ASSIGNMENT: Up to and including the line with "Hi everyone, I", output the records exactly as they appear.
PROVIDED RECORDS below:
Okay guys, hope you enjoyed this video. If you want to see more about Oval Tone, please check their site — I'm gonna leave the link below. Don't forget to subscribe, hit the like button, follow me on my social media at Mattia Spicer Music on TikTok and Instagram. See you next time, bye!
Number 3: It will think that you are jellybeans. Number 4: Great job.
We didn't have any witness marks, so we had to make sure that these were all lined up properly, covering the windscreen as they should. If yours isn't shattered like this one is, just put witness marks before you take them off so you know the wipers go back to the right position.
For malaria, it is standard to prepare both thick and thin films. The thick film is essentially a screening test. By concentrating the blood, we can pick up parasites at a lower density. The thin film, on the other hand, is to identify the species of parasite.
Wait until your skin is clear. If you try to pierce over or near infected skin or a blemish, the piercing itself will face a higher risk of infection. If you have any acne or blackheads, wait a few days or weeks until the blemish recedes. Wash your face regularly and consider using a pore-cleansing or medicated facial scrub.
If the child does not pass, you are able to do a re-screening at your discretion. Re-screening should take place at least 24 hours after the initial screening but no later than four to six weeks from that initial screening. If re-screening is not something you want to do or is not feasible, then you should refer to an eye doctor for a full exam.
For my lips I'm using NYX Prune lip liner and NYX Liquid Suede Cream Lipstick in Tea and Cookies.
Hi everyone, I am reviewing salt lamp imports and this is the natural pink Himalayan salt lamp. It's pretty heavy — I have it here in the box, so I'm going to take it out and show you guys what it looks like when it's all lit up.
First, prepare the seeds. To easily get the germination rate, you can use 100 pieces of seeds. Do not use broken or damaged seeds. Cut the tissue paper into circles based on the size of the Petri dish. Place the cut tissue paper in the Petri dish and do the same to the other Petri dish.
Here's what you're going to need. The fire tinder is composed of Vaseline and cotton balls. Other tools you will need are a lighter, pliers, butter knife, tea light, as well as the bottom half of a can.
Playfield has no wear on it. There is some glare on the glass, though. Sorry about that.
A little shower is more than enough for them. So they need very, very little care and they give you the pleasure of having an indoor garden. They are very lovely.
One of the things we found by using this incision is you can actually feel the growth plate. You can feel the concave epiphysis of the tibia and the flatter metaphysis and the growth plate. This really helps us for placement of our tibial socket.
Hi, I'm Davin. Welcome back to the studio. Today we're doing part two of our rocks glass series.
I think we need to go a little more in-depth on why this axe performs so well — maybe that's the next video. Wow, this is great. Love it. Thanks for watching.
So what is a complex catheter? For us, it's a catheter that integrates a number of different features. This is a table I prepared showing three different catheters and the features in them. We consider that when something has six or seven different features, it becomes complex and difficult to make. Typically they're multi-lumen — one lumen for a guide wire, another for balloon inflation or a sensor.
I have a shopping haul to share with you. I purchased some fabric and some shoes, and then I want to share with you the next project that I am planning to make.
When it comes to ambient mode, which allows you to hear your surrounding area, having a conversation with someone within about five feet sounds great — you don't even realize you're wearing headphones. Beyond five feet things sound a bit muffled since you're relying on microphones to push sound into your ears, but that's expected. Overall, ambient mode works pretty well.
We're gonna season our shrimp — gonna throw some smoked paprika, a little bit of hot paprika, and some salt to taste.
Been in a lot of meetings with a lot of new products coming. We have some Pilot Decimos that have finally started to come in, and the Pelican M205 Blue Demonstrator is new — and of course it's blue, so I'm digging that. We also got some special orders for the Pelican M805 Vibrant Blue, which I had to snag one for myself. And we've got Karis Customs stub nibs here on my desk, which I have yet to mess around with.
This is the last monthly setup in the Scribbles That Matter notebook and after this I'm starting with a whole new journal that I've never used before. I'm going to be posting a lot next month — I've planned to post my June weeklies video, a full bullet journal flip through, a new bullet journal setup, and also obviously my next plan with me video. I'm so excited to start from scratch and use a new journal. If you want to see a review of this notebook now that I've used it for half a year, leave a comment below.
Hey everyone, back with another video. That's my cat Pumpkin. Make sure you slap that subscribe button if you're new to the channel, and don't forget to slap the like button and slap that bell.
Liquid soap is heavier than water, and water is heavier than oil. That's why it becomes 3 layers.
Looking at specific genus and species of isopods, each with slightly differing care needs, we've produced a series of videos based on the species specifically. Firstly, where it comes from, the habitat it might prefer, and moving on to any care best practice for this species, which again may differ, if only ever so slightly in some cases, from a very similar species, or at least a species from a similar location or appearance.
End of PROVIDED RECORDS.
ANSWER BELOW:
Okay guys, hope you enjoyed this video. If you want to see more about Oval Tone, please check their site — I'm gonna leave the link below. Don't forget to subscribe, hit the like button, follow me on my social media at Mattia Spicer Music on TikTok and Instagram. See you next time, bye!
Number 3: It will think that you are jellybeans. Number 4: Great job.
We didn't have any witness marks, so we had to make sure that these were all lined up properly, covering the windscreen as they should. If yours isn't shattered like this one is, just put witness marks before you take them off so you know the wipers go back to the right position.
For malaria, it is standard to prepare both thick and thin films. The thick film is essentially a screening test. By concentrating the blood, we can pick up parasites at a lower density. The thin film, on the other hand, is to identify the species of parasite.
Wait until your skin is clear. If you try to pierce over or near infected skin or a blemish, the piercing itself will face a higher risk of infection. If you have any acne or blackheads, wait a few days or weeks until the blemish recedes. Wash your face regularly and consider using a pore-cleansing or medicated facial scrub.
If the child does not pass, you are able to do a re-screening at your discretion. Re-screening should take place at least 24 hours after the initial screening but no later than four to six weeks from that initial screening. If re-screening is not something you want to do or is not feasible, then you should refer to an eye doctor for a full exam.
For my lips I'm using NYX Prune lip liner and NYX Liquid Suede Cream Lipstick in Tea and Cookies.
Hi everyone, I am reviewing salt lamp imports and this is the natural pink Himalayan salt lamp. It's pretty heavy — I have it here in the box, so I'm going to take it out and show you guys what it looks like when it's all lit up.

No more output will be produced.